Dendana en concert acoustique à la Grosse Mignonne, Montreuil, le 13 Décembre 2014
Dendana en concert acoustique à la Grosse Mignonne, Montreuil, le 13 Décembre 2014
Nassim Dendane, alias Dendana, est un artiste au grand coeur. En effet, celui-ci n’hésite pas à mettre à disposition son premier album en téléchargement libre sur son site internet (avec son groupe Dendana Project) ,et à se produire gratuitement ou pour une somme modique sur Paris et proche banlieue. Découvert grâce à Intissar Bourahla, une ex-collègue de bureau devenue une bonne amie, j’avais apprécié l’originalité de ce musicien mêlant non seulement divers styles musicaux (voir plus bas), mais également diverses langues (anglais, français, arabe).
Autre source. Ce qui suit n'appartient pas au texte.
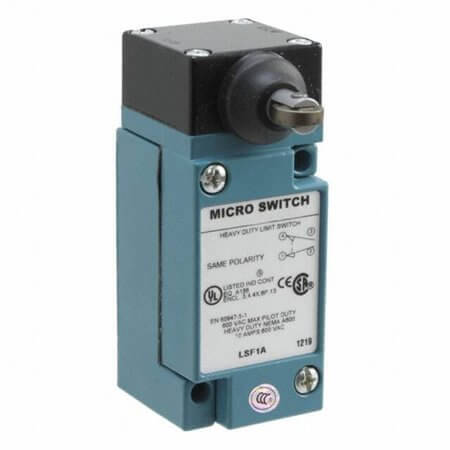 LSF1A SWITCH LIMIT 10A/800mA 120V/115VAC/DC SPDT - 1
Depuis ce premier rendez-vous avec sa musique, j’ai suivi de près son activité sur les réseaux sociaux. Mon emploi du temps m’ayant néanmoins empêché de le voir lors de ses concerts successifs, j’ai pu rattraper mon retard avec cette prestation au restaurant « La Grosse Mignonne » le 13 décembre 2014 à Montreuil Après avoir bien suivi les indications de Mappy depuis la station « Croix de Chaveaux », j’arrive à 20h15 sur les lieux du concert. Quand je pousse la porte du restaurant, me voici nez-à-nez devant la rencontre des improbables : murs jonchés de tableaux pop art, fauteuils Louis XV et luminaires en papier japonais Céline Wright. Nassim, arborant une barbe de trois jours et les cheveux attachés en bouquet, est juché sur son tabouret, placé au beau milieu d’une scène aussi grande qu’un blacon d’appartement parisien. Entouré d’un piano Klein et d’une chaise vide, il s’échauffe la voix tout en donnant des consignes pour régler le son de la guitare à son ami posté devant la console. Il esquisse un sourire en me voyant et je le salue en retour. J’attends qu’il finisse son soundcheck pour échanger une vive poignée de mains. Nassim se plaint d’un son trop étouffé de la guitare et demande à son acolyte de l’eclaircir.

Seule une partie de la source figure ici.